**EXERCISE PROMPT:** Starting with the line that has "Prodotti per la" and finishing with the line that has "专权跋扈的近义词/反义词", set down each line below exactly. Pictures are not copied.

-------- SUPPLIED DATA --------

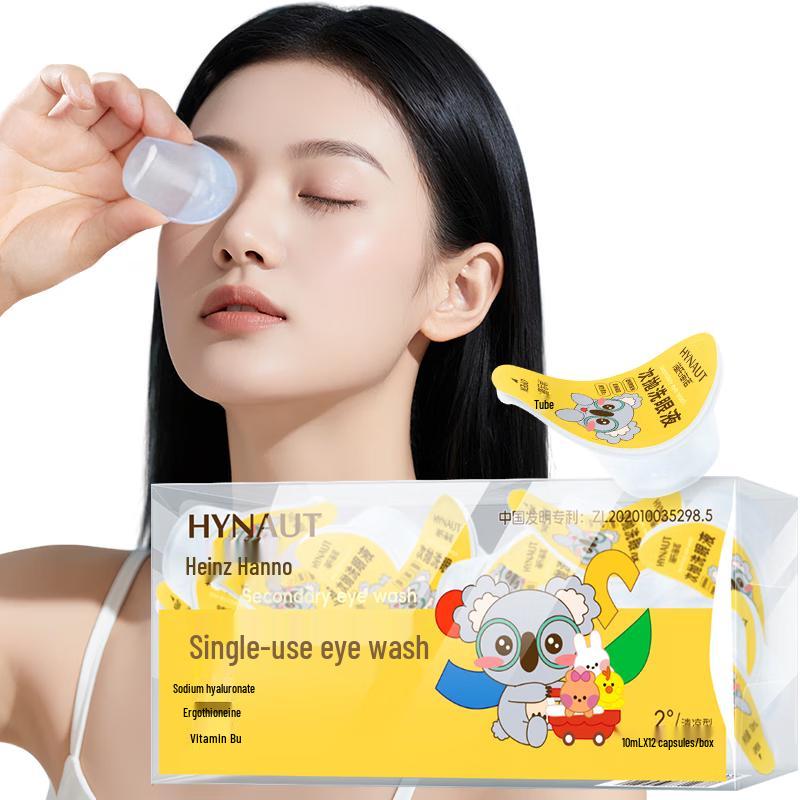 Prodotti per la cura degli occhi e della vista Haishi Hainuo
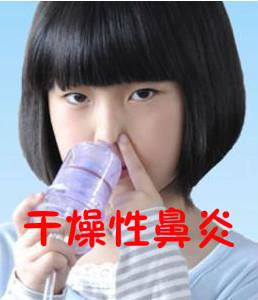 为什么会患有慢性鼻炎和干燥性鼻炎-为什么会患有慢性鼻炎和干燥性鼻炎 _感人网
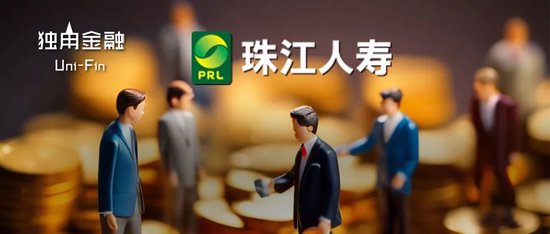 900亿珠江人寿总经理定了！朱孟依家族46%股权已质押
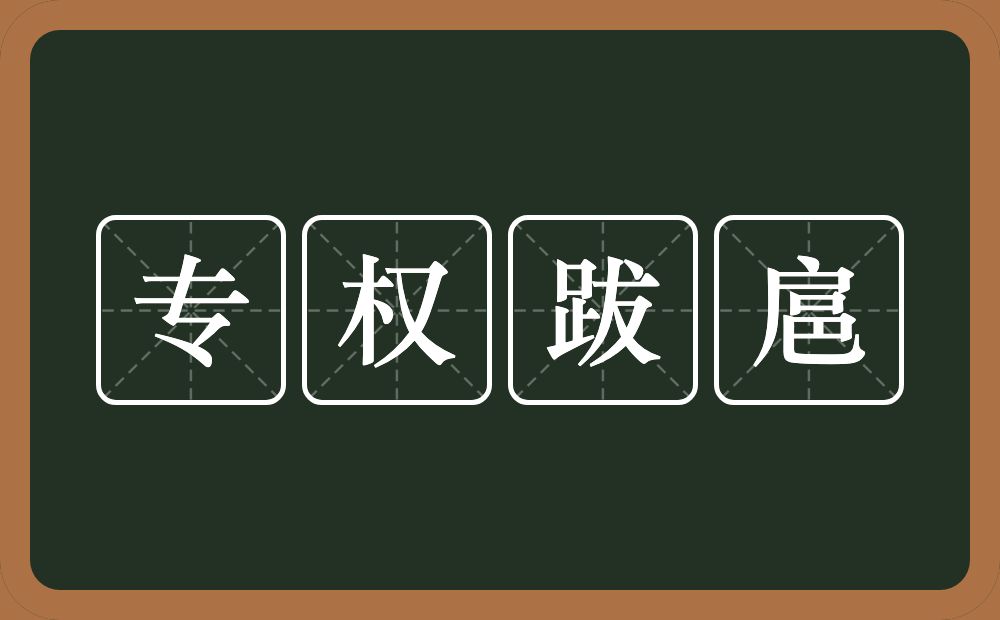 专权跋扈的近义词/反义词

--------
-------- SUPPLIED DATA --------

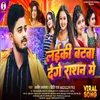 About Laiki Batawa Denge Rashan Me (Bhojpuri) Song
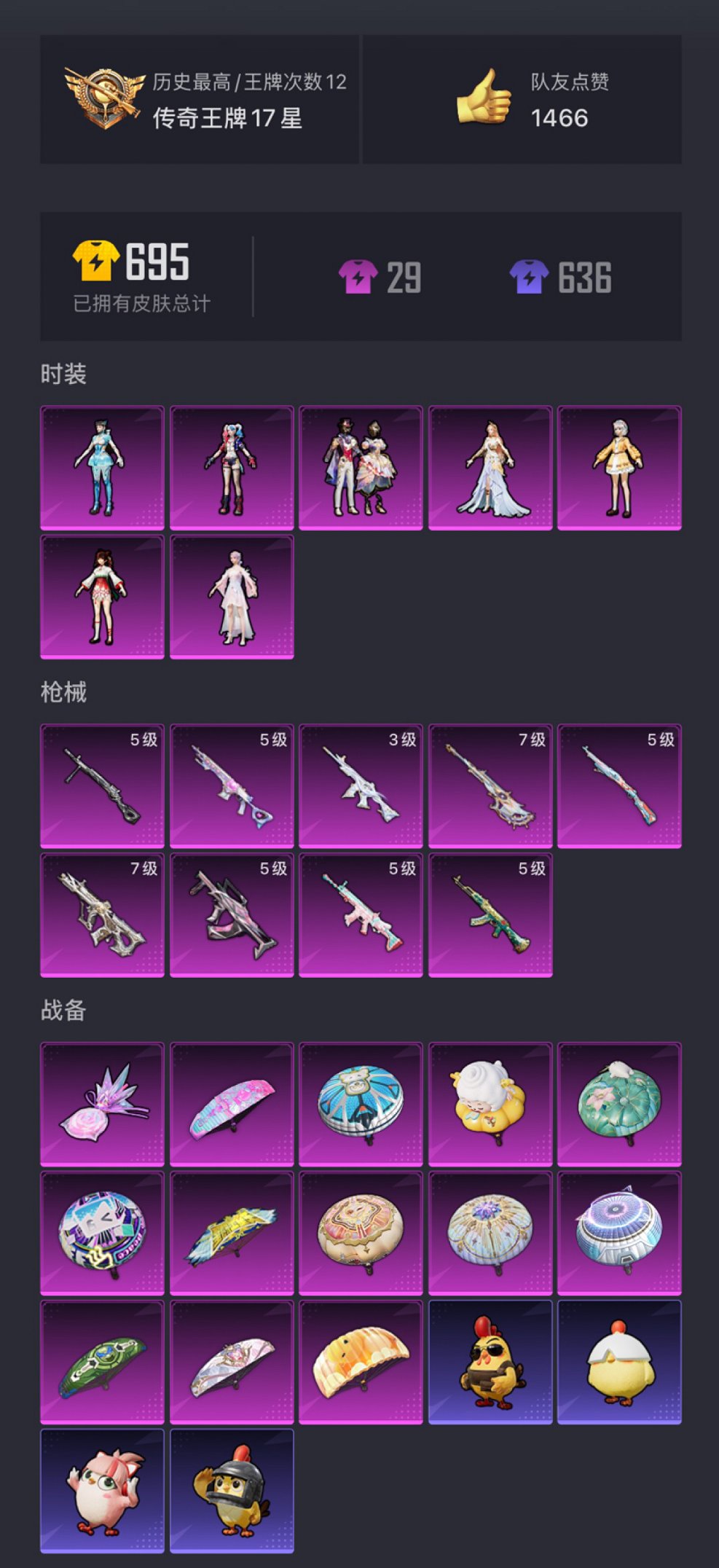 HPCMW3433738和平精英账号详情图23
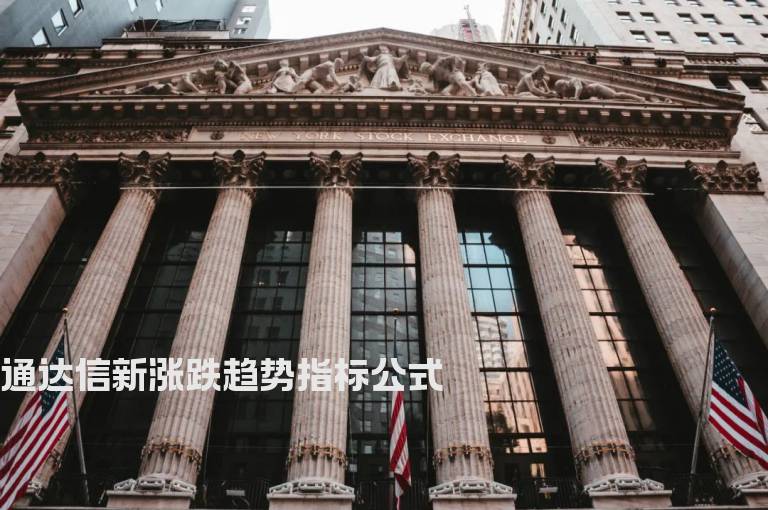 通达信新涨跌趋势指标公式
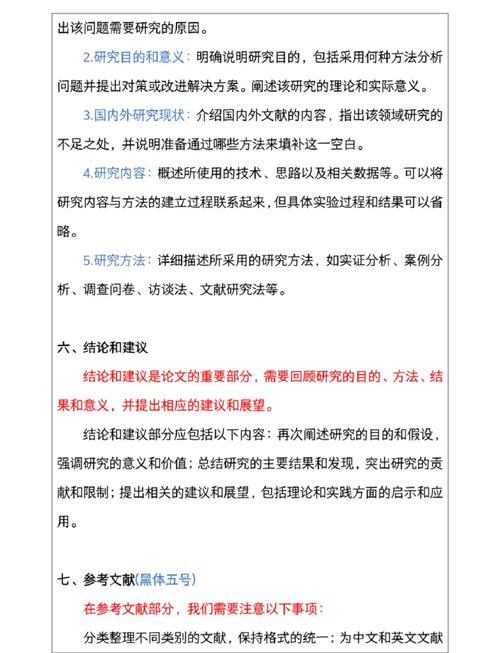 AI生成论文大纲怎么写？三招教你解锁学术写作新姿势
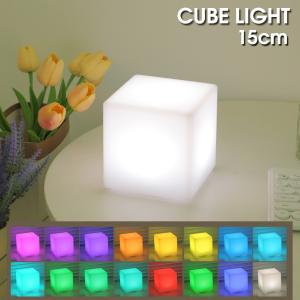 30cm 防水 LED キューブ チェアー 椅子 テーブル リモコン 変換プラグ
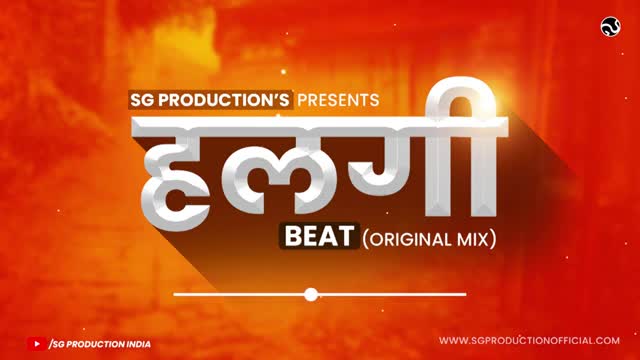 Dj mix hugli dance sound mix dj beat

--------

**REPLY TO THE EXERCISE:**
 Prodotti per la cura degli occhi e della vista Haishi Hainuo
 为什么会患有慢性鼻炎和干燥性鼻炎-为什么会患有慢性鼻炎和干燥性鼻炎 _感人网
 900亿珠江人寿总经理定了！朱孟依家族46%股权已质押
 专权跋扈的近义词/反义词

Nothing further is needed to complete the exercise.